For the full story: http://www.usatoday.com/news/washington ... ords_n.htm
Administration to propose steps on gun safety
WASHINGTON (AP) - Six months after Rep. Gabrielle Giffords was shot, the White House is preparing to propose some new steps on gun safety, though they're likely to fall short of the bold measures activists would like to see.
The Obama administration is preparing to offer new steps to promote gun safety.
Anti-gun groups have been disappointed to see no action so far from President Barack Obama, who supported tough gun control measures earlier in his career but fell largely silent upon becoming president. Some activists were using the opportunity of the six-month anniversary of the Giffords shooting on Friday to speak up.
Spokesman Jay Carney said that the new steps would be made public "in the near future." He didn't offer details, but people involved in talks at the Justice Department to craft the new measures said they expected to see something in the next several weeks. Whatever is proposed is not expected to involve legislation or take on major issues like banning assault weapons but could include executive action to strengthen the background check system or other steps.


----------



## vtrons (Feb 14, 2008)

GUN SAFETY my eye.
This administration is only interested in GUN CONTROL.
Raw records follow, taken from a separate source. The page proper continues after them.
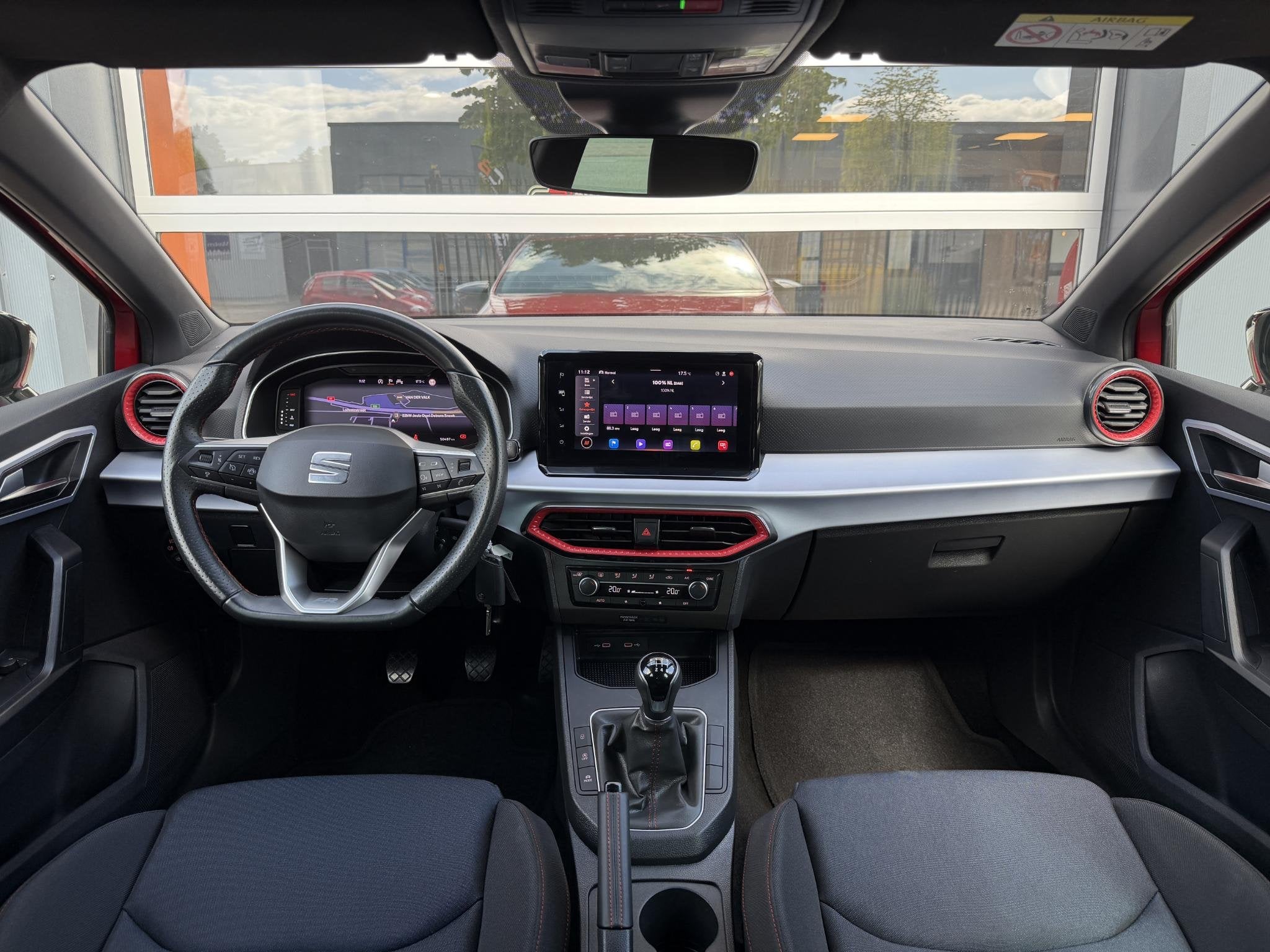SEAT Ibiza 1.0 EcoTSI FR Anniversary | Virtual Cockpit | App, Auto's, Voorwielaandrijving, Stof, Gebruikt, 116 pk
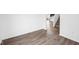 The entryway features wood-style flooring and access to the staircase at 1585 N Regatta Dr, Greenfield, IN 46140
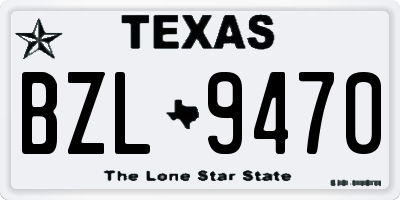 TX license plate BZL9470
Witness: Operation Fast and Furious.


----------



## Plainsman (Jul 30, 2003)

vtrons said:


> GUN SAFETY my eye.
> This administration is only interested in GUN CONTROL.
> 
> Witness: Operation Fast and Furious.


Yes, they should track that handgun the guy used to shoot Giffords. It may have come from the ATF operation. I put nothing past these liberal zealots. Remember the guy who killed a bunch of people in that McDonalds in Texas years ago? He had belonged to and supported one of those gun control groups. Do you suppose he may have thought he was furthering their agenda?


----------



## Gillbilly (Mar 21, 2007)

I have not agreed with many of the policies of our new gov. here in Wi but the concealed carry law was just signed on 7/8.I believe it was vetoed twice by the previous gov.but actually had support of many dems.This may be another common ground thing Plainsman  .When will they understand the laws on the books already cover the criminal side and leave law abiding citizens alone?


----------



## Plainsman (Jul 30, 2003)

I think we may have many things in common Gillbilly, I just misinterpreted your first few posts. You see, I may be old, but I heard words almost like that in college back in the late 1960''s. Most of them smoking their dope agreed with Jane Fonda. That says it all. The slang just changed slightly. :thumb:


----------